While invasive fish followed the overflowing Missouri and Mississippi rivers from Louisiana to South Dakota, Japanese knotweed expanded in Vermont, courtesy of flood waters from Tropical Storm Irene and dredging afterward.
Here’s the bad news from the Washington Post, along with what to do about it:
In Vermont, floodwaters and repair work broke off portions of stems and woody rhizomes of the aggressive Japanese knotweed.
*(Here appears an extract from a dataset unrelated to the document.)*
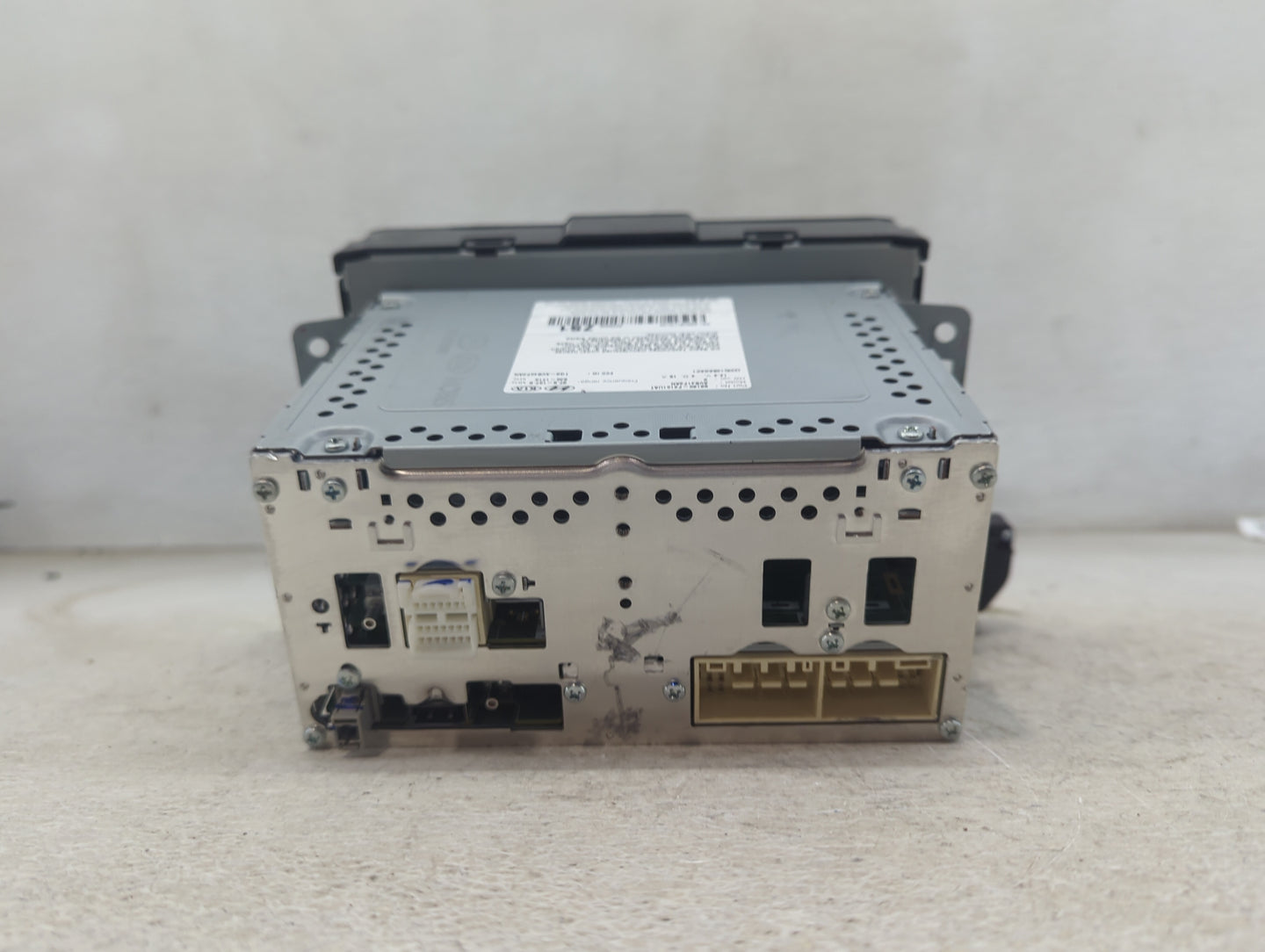 2017-2018 Hyundai Elantra Radio AM FM Cd Player Receiver Replacement P/N:96160-F2101UAT AV8412AN Fits Fits 2017 2018 OEM Use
The perennial, imported from Asia as an ornamental, was already a problem in Vermont and a dozen other states in the Northeast, the Pacific Northwest and the Midwest.
It spreads quickly on riverbanks, floodplains and roadsides, choking out native plants, degrading habitats of fish, birds and insects and weakening stream banks
The plant, which resembles bamboo when mature, spreads quickly in disturbed soils. Just this week, new young plants were inching out of the silt on the banks of the Camp Brook, a tributary of the White River, where the land looks like a moonscape since floodwaters washed away trees, rocks and other native plants. Once these invasive plants take over, their root structure and a lack of groundcover and native plants and trees with deeper roots, weakens the stream banks, causing erosion, and flood damage.
“We’d like to get out the message that if there’s ever a time to hand pull or mechanically control so we can avoid the use of herbicides, this is the one year where that’s possible,” said Sharon Plumb, invasive species coordinator, for the Vermont Chapter of The Nature Conservancy.